#### [Work required]
Pictures in the listing below are skipped, while the lines from the "Imagem de MITEPAS" line through the "BURBERRY Lightweight Check" line are returned word for word.

#### [Extracted data]
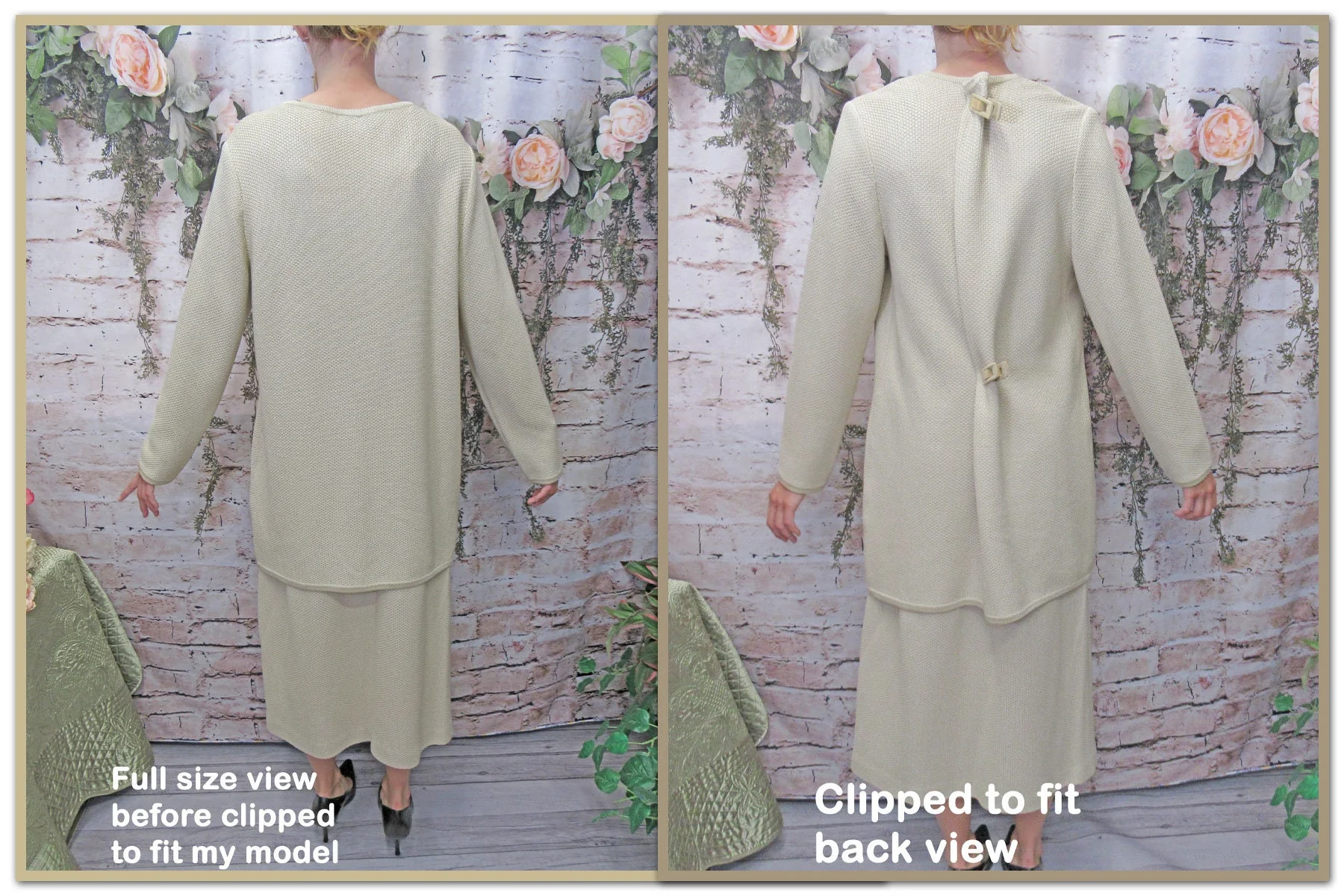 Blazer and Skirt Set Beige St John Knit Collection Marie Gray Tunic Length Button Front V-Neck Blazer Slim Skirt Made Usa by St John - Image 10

--

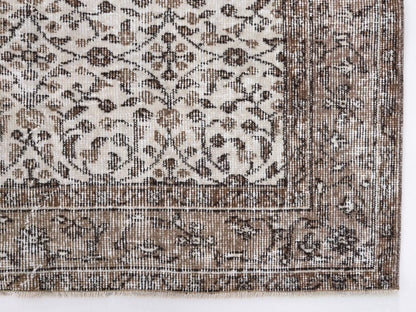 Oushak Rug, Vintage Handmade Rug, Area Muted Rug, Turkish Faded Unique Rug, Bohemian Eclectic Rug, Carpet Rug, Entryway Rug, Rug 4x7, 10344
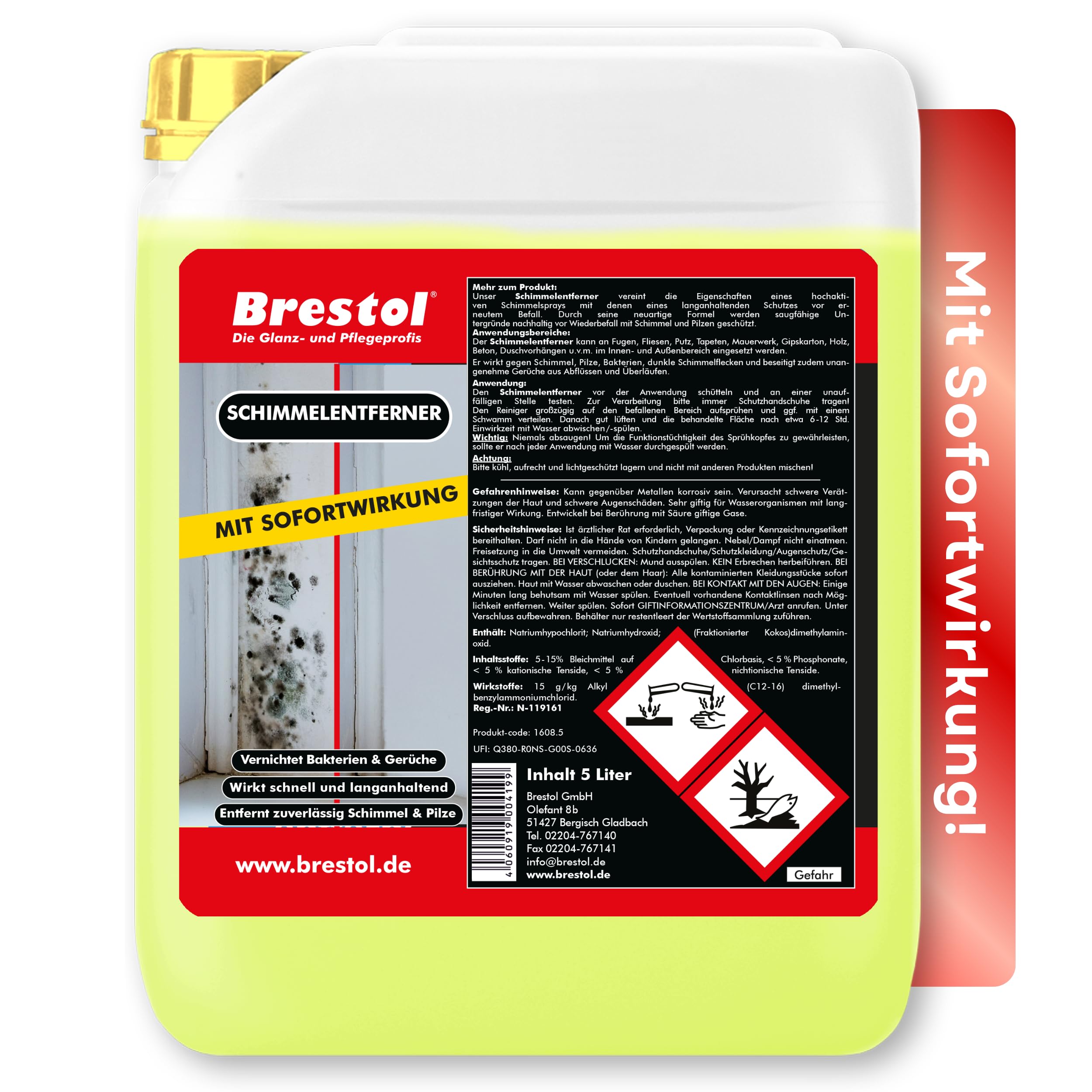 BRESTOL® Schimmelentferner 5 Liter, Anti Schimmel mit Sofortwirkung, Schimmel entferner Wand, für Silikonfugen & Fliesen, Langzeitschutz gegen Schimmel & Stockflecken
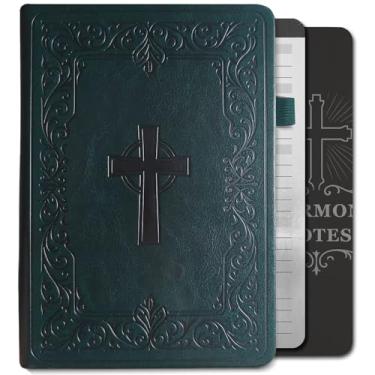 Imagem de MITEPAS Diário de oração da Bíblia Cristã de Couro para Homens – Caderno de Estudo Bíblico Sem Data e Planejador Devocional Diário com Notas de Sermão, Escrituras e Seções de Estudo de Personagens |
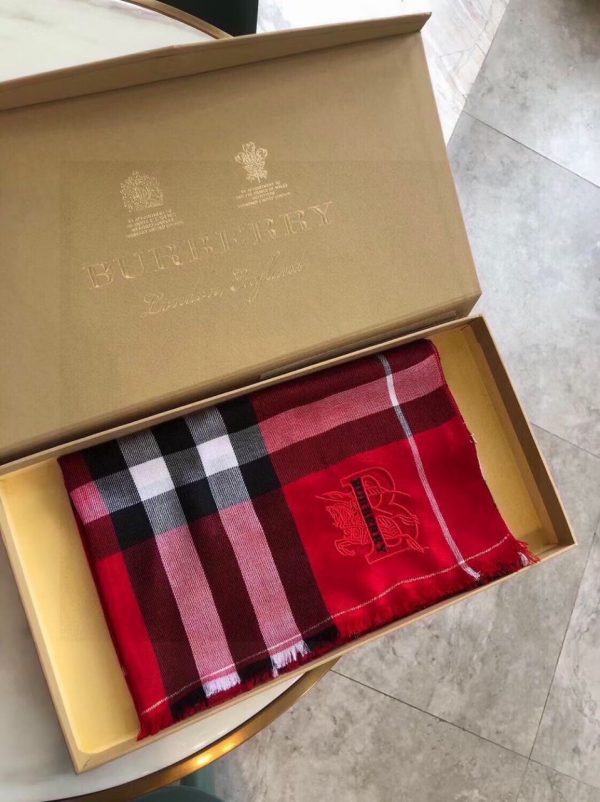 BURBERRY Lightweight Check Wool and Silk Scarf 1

#### [Solution]
 Imagem de MITEPAS Diário de oração da Bíblia Cristã de Couro para Homens – Caderno de Estudo Bíblico Sem Data e Planejador Devocional Diário com Notas de Sermão, Escrituras e Seções de Estudo de Personagens |
 BURBERRY Lightweight Check Wool and Silk Scarf 1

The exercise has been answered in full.